ロンドンで行われたイベントでは、キャンディピンクに染められたユニークなビジュアルが来場者の注目を集めた。

ポップな色合いとフォルム。ウェストマンの美学がつまった一台

本プロジェクトは、メルセデス・ベンツが展開する「Class of Creators」シリーズの一環。この取り組みは、世界各地から選ばれた5人のクリエイターが、新型CLAを自らの表現手法で再構築するというもの。ウェストマンはその第2弾として抜擢された。

 


メルセデス・ベンツ「Class of Creators」シリーズ公式PV。

家具やインテリアオブジェで知られるウェストマンは、チャンキーで丸みのある造形、そしてポップな色使いを特徴とする作風で知られており、その美学が今回のCLAにも存分に生かされている。

テント付きCLAは「ピクニックのための車」

このCLAは、走行機能を持たない展示用モデルであるが、表現としての自由度を最大限に活かした構造となっている。

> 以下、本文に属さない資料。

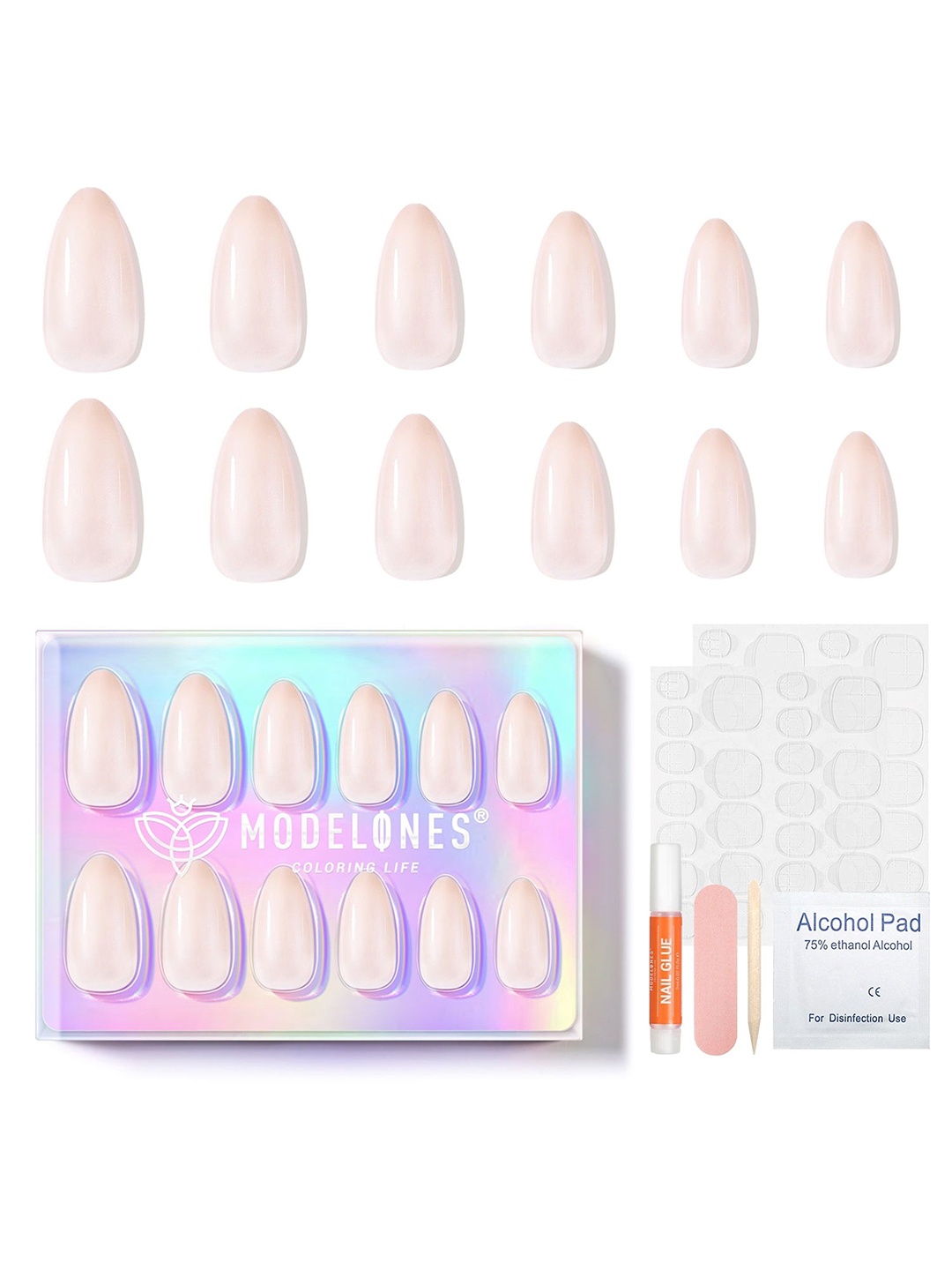 

Modelones Set Of 30 Reusable Press On Nails Kit - Moonstone, Multi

屋根にドーム型テント、後部に引き出し式のピクニックテーブルを備えている。寝泊まりができて、食事も楽しめ、自然の中で一日を過ごすための要素が盛り込まれている。

ほかにも、滑らかな曲線のサイドミラーや、車体から飛び出すワインホルダー、実用性を兼ね備えた大きなバックミラーなど、細部までウェストマンらしいユーモアとこだわりが詰まっている。

 


サイドミラーを持つグスタフ・ウェストマン。

ピクニック用品のカプセルコレクションも発表

CLAと連動したピクニックアクセサリーのカプセルコレクションの存在も要注目だ。プレート、ピクニックブランケット、ホットドッグトレイ、鏡などがセットになっている。CLAの外装ラインからインスピレーションを得たふっくらしたフォルムやピンクの色合いは、ポップアートそのものだ。

なかでもメルセデス・ベンツのロゴをかたどった「スタープレート」は、遊び心が感じられ、見るだけで思わず「にやり」としてしまう。カプセルコレクションの一部アイテムは、オンラインで購入可能だ。

車とライフスタイルを結ぶアート表現

今回のコラボレーションは、車という工業製品をライフスタイルの一部へと昇華させる試みでもある。走る道具ではなく、自然の中でくつろぎ、仲間と過ごすための「場」として解釈したウェストマン版CLAは、従来の自動車観を軽やかに飛び越えている。

 「どんな形でもデザインは可能だ」と語るウェストマン。彼が生み出したこの「走らないCLA」は、実用性ではなく創造性を走らせる、ユーモアと美しさに満ちた一台だ。